▶ _Records supplied_:
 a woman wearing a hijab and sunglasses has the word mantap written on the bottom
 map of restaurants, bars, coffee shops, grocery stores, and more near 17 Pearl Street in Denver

...

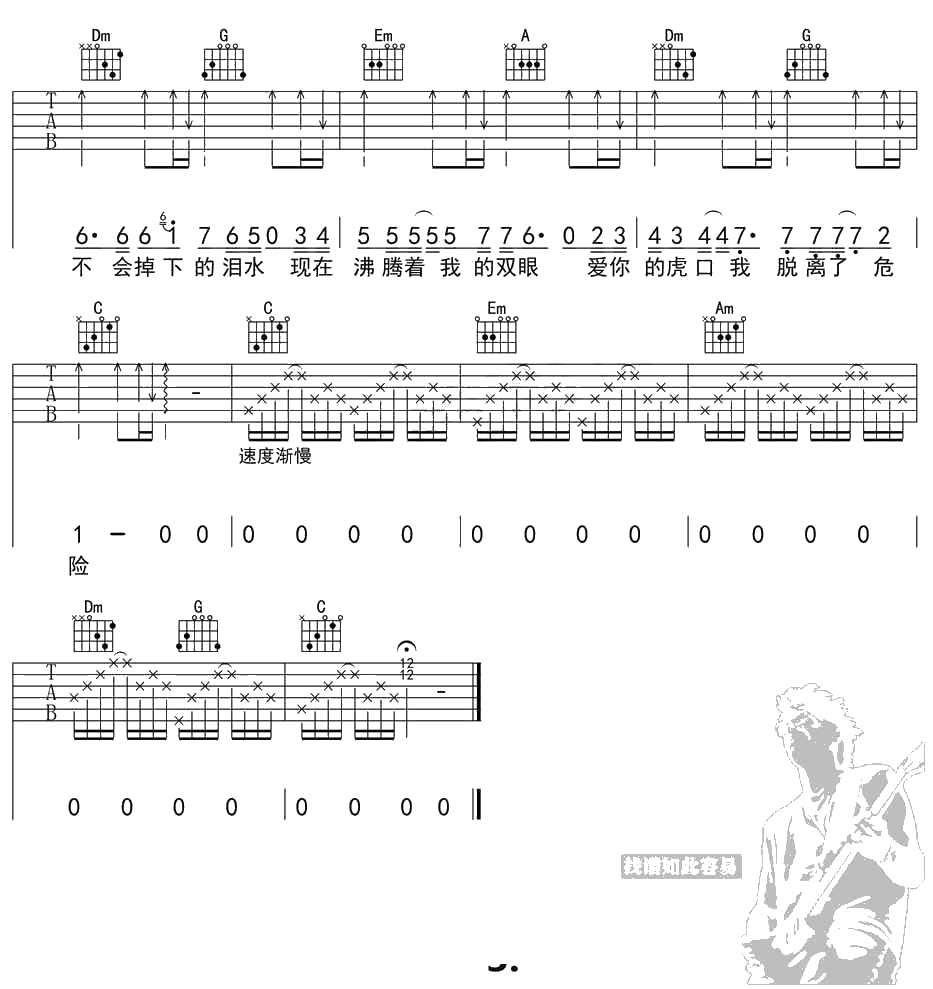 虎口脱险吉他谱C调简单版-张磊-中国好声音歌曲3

---

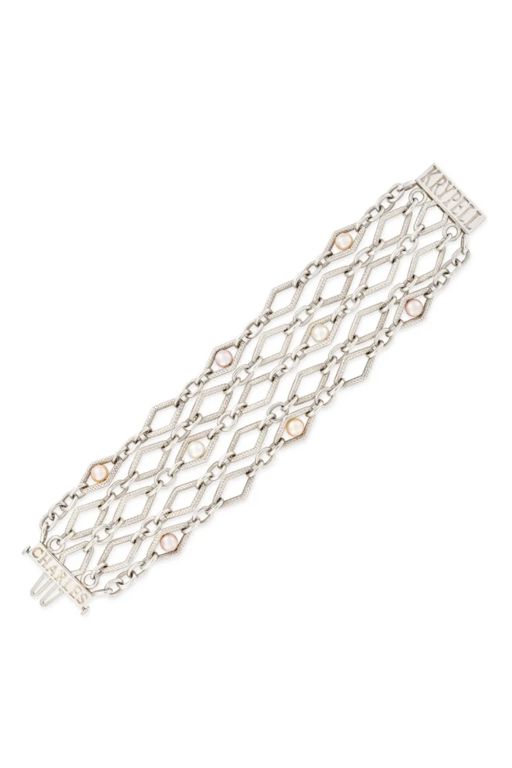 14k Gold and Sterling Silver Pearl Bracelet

▶ _Exercise directions_: Repeat, word for word, the lines above between the line holding "a woman wearing" and the line holding "map of restaurants, bars, coffee", inclusive; omit everything else.

▶ _Task result_:
 a woman wearing a hijab and sunglasses has the word mantap written on the bottom
 map of restaurants, bars, coffee shops, grocery stores, and more near 17 Pearl Street in Denver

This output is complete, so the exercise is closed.